Так или иначе, каждый режиссер вырабатывает свои соб­ственные навыки мизансценирования большей частью по наи­тию. Недостаточная систематичность этого процесса поначалу неизбежно отдает дилетантизмом. С годами дилетантизм прео­долевается, и к концу жизни режиссер разрабатывает свою собственную систему владения сценическим пространством. Опыт этот осознается большей частью для себя. Поколение уходит, и все начинается сначала.

При осмыслении собственного опыта, давно замечено, нельзя в чем-то избежать пристрастия. Может быть, кто-то, вдохновленный несогласием с некоторыми положениями этой книги, напишет свою, где иначе систематизирует накопленный опыт. Читатель будет иметь возможность избрать то, что ему ближе. А может быть, ознакомившись с двумя точками зрения на предмет, выработает для себя третью. И это, возможно, будет лучше всего. Особенно если вспомнить слова известного французского актера и режиссера Шарля Дюллена: «Я пред­почитаю, чтобы в театре была не одна истина, но много истин, которые сталкиваются, борются между собой, сменяют друг друга. Ведь благодаря этой постоянной борьбе различных тен­денций театр остается искусством живым и вечно развивающимся»[4].

 

Азимут простейшей мизансцены

1.

 

Говорят, мизансценирование сложнее графической композиции. Чем же?

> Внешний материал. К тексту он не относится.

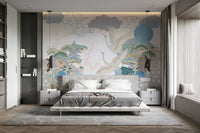 The image has a calm, tranquil mood.

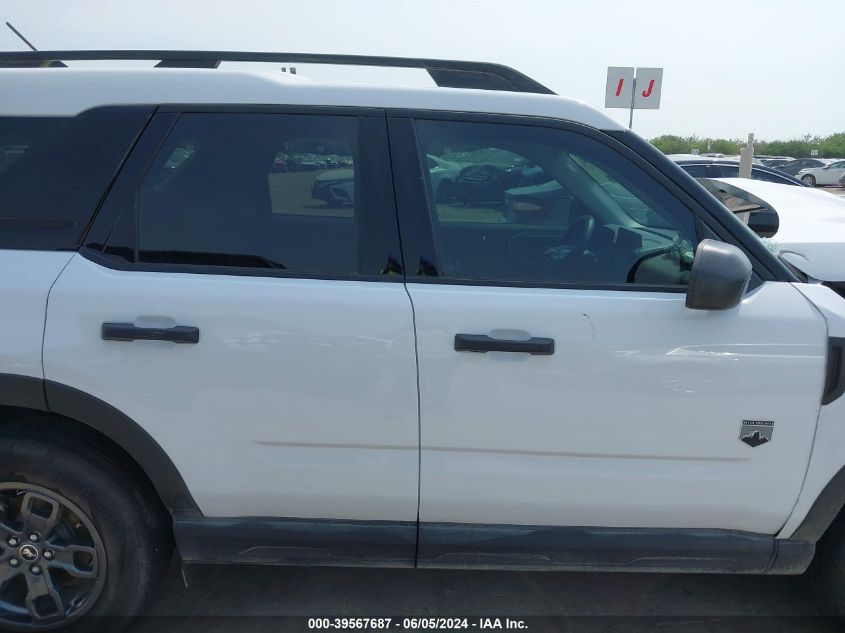 2022 Ford Bronco Sport Big Bend VIN: 3FMCR9B66NRD21438 Lot: 39567687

Композиция на бумаге имеет дело с двумя измерениями, все остальное — художественный эффект. На сцене к этому прибавляется буквальная — не иллюзорная — глубина. К то­му же в трехмерном пространстве фигуру необходимо рас­сматривать как в статике, так и в динамике. Мизансцена существует не только в пространстве, но и во времени — в по­следовательной композиции кадров.

Еще один предварительный вопрос: имеет ли право режис­сер разрушать известные ему законы сценического письма? Думается, не только имеет, но и вряд ли смог бы творить, если бы у него отняли это право. Другое дело — чем оно достига­ется.

Иногда смотришь на рисунки большого художника, ра­ботающего в условной манере, и создается ложное ощущение: кажется, любой бы этак сумел — столь нарушены привычные правила изобразительности. Но если быть повнимательнее, то среди рисунков обнаружишь один-два, выдающие в художнике виртуозного рисовальщика-натуралиста, мастера композиции и перспективы. Если после этого снова сосредоточиться на более условных рисунках, легко разгадать в них сознательное разрушение той или иной букварной истины во имя определен­ной художественной задачи.

Совершенно очевидно, что право на какое-либо разрушение формы дает только одно — блестящее владение ею. Поэтому оставим пока разговор о «высшей математике» и обратимся к простейшей сценической композиции.

Для начала не будем связывать себя декорацией.

Перед нами пустая сцена. Чем с точки зрения композиции она отличается от белого листа бумаги? Только ли наличием глубины?